= Chen Hu (physician) =

Chinese military physician and stem cell researcher (1962–2019)

Chen Hu (陈虎; 17 February 1962 – 24 July 2019) was a Chinese military physician and stem cell researcher. He served as Director of the PLA Institute of Hematopoietic Stem Cell Research and the Beijing Hematopoietic Stem Cell Therapy Laboratory. Known for his research on hematopoietic stem cell therapy for leukemia, he was awarded the State Science and Technology Progress Award (First Class) in 2015 and the Ho Leung Ho Lee Prize in 2016. In 2017, he and Deng Hongkui engineered resistance to HIV in mice using CRISPR gene editing, and for the first time used the technique on an AIDS patient. He died of a sudden heart attack before their findings were published.

== Biography ==
Chen Hu was born 17 February 1962 in Chongqing, China, with his ancestral home in Luoyang, Henan. He enlisted in the People's Liberation Army (PLA) in September 1979 and enrolled at the Third Military Medical University (now Army Medical University). He earned both a Ph.D. and an M.D.

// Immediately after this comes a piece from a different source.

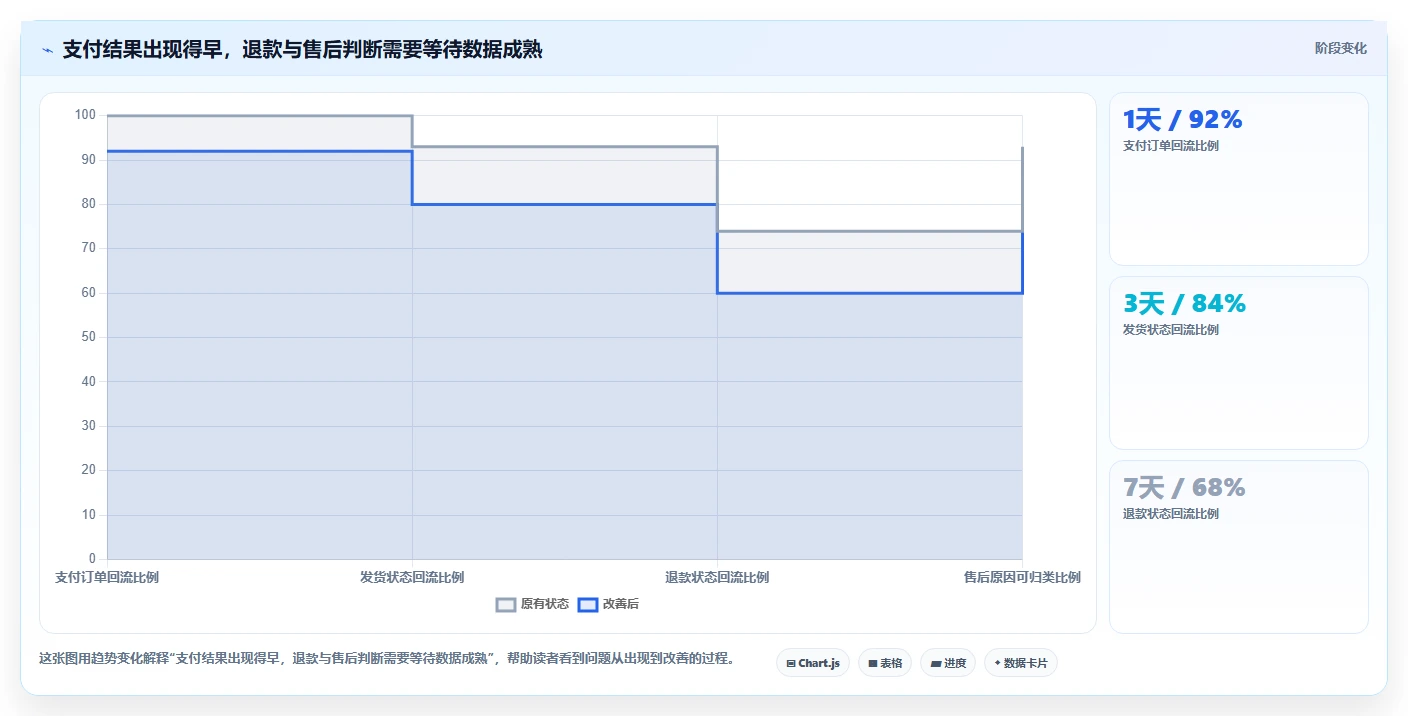 如何运营好一个店铺实战复盘：从转化优化验证成本控制效果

After graduation, Chen became a physician at the Affiliated Hospital of the Academy of Military Medical Sciences. He later served as Director of the Beijing Hematopoietic Stem Cell Therapy Laboratory and Director of the PLA Institute of Hematopoietic Stem Cell Research at the Fifth Medical Center (formerly the 307 Hospital) of the People's Liberation Army General Hospital in Beijing.

Chen spent more than 30 years researching treatment for leukemia, with a focus on hematopoietic stem cell (HSC) therapy. He treated more than 40,000 patients and performed over 3,200 HSC transplants, improving the survival rate from nearly 0% at the beginning to 65%. In 2015, his research on the treatment of radiation damage using adult stem cells won the State Science and Technology Progress Award (First Class). A year later, he won the Ho Leung Ho Lee Prize for Science and Technology Progress.

In 2017, Chen and his collaborator, Deng Hongkui of Peking University, used CRISPR gene editing to transplant human HSCs with the edited CCR5 gene to mice, and conferred HIV resistance to the animals. They subsequently used the technique to treat an AIDS patient who suffered from acute lymphoblastic leukemia (ALL). It was the first time CRISPR was used on a human HIV patient. 19 months later, the patient's ALL was in complete remission. Their research demonstrated the safety of CRISPR for humans, although the therapy was not effective for curing AIDS as only 5% to 8% of the patient's bone marrow cells carried the edited CCR5 gene, much lower than the ideal 100%. Their research was published in The New England Journal of Medicine in September 2019, after Chen had died.

On 24 July 2019, Chen Hu died from a sudden heart attack in Beijing, aged 57. At the time of his death he was a candidate for election to the Chinese Academy of Sciences.